In the wake of the winter holidays, many of us feel the guilt that comes from splurging on both food and material trappings—so much overindulgence, so much stuff! As we ring in the new year, many will make pledges to get healthier, be better to the planet, and clean out our homes to create a new, stripped-down, freer way of life.
For some, acting on this intent is already an everyday occurrence. The voluntary simplicity movement has by some estimates close to 60 million adherents in the United States alone, all trying to reduce their work hours, buy less, and be more mindful about how they live. People are growing their own food in urban minifarms, abandoning their cars for bikes, moving into “tiny houses,” and decluttering their lives. In an international survey of about 2,000 people by the Simplicity Institute, an online research and educational center, a striking 87 percent of those who shifted to a simpler lifestyle reported being happier as a result.

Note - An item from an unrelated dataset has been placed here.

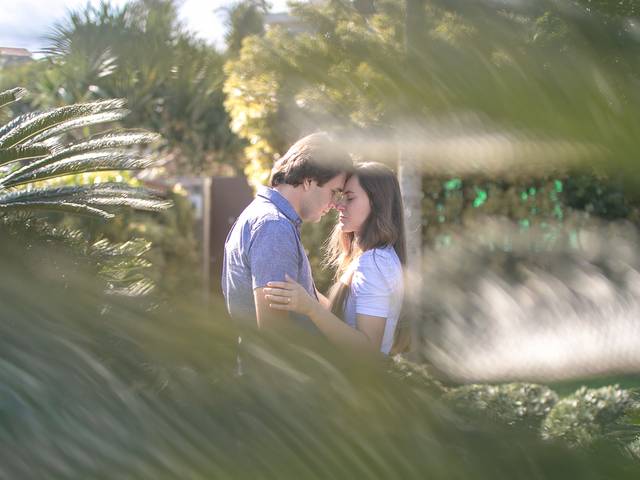 Pré-wedding de Diego e Jully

Yet the simple life is not as simple as it first seems. It has a rich history and roots, stretching back through the original founders of the U.S. to ancient Indian traditions, including Buddhism. Its current manifestation in the West can be seen as the natural, evolutionary result of people attempting to showcase desirable characteristics in the dating marketplace, as consumerism in disguise, or as a misplaced nostalgic desire to return to a “simpler” time that never really existed. Fortunately, if we can shift our mindset to be in line with the core intent of the simplicity movement—even if we can’t bring ourselves to ditch our cars or give away our stuff—we can still reap the benefits of a simpler life.